# Технологии и коммуникации > Софт. Железо > Софт >  В Беларуси привлекают к суду поставщиков и пользователей пиратского софта

## Labs

В Беларуси привлекли к ответственности ЧТУП «ПарадизНадежды», торгующее нелицензионным ПО, и системного администратора СООО «ПП Полесье», установившего на рабочие компьютеры пиратский софт. 

С февраля этого года АКИТ проводит мониторинг предприятий, торгующих компьютерной техникой и программными продуктами, на предмет распространения и использования нелицензионного софта. В адрес некоторых компаний были направлены письма с предупреждением об административной ответственности за незаконное использование объектов авторского права. Тем не менее, не все предприятия отреагировали на предупреждения АКИТ должным образом. 

Дмитрий Ананьев, директор АКИТ, сообщил о факте распространения частным предприятием «ПарадизНадежды» в г. Гродно нелицензионного программного обеспечения. 18 апреля 2016 года ЧТУП «ПарадизНадежды» предлагало к реализации 9 компакт-дисков с нелицензионными копиями операционных систем Windows, исключительные права на которые принадлежат корпорации Microsoft. Суд Октябрьского района г. Гродно признал ЧТУП «ПарадизНадежды» виновным в незаконном распространении объектов авторского права. На основании решения суда от 21 июня 2016 года предприятие было оштрафовано на 10 базовых величин (210 рублей). 

Несмотря на то, что государственные органы привлекают поставщиков нелицензионного ПО к административной ответственности, уровень пиратства в Республике Беларусь по-прежнему остается на высоком уровне. Согласно результатам проведенных исследований, 85% софта, установленного на компьютерах белорусских предприятий, является нелегальным. В соседних странах уровень пиратства существенно ниже: в России он составляет 64%, в Латвии – 49%, в Литве – 51%, в Польше – 48%, в Эстонии – 42%. 

В Беларуси к юридической ответственности привлекаются не только лица, распространяющие контрафактное ПО, но и пользователи, устанавливающие пиратский софт на личные и рабочие компьютеры. Так, решением суда Кобринского района Брестской области за незаконное использование объектов авторского права к административной ответственности был привлечен системный администратор СООО «ПП Полесье». Сотрудник установил на рабочих компьютерах и в период с 1 декабря 2015 года по 13 июня 2016 года использовал нелицензионное программное обеспечение. Системный администратор полностью признал свою вину и был оштрафован на 30 базовых величин (630 рублей). 

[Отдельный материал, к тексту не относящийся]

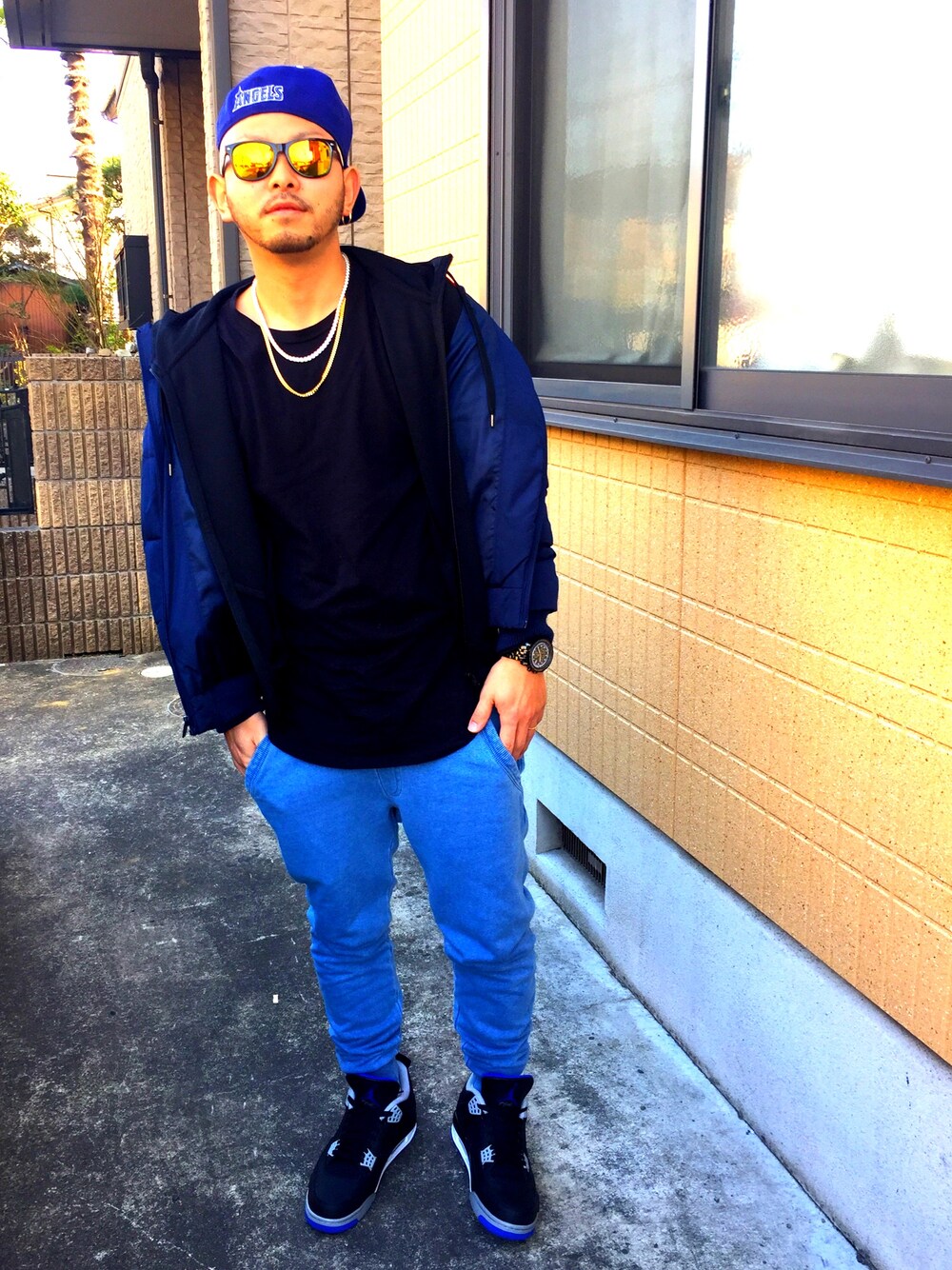「ブラック、ootd、ストリート、スニーカー、スウェット、ナイキ、GU、AIR JORDAN、NIKE、ブルー」｜「NEW ERAのアイテム（キャップ、ブルー系）」を使った、⛪️akilla⛪️さん（メンズ・170cm）の冬コーディネートの1枚目の写真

АКИТ напоминает, что использование нелицензионного софта повышает уязвимость корпоративных данных. В Беларуси жертвами киберпреступлений часто становятся финансовые организации. В прошлом году были установлены факты целевых атак на банки и банкоматы. Большинство киберугроз связано с использованием деструктивных программ для списания средств с банковских счетов. Чтобы противостоять пиратству, АКИТ и корпорация Microsoft рекомендуют предприятиям проводить семинары по основам корпоративной безопасности и использовать специальное ПО для защиты данных и снижения риска киберугроз.

----------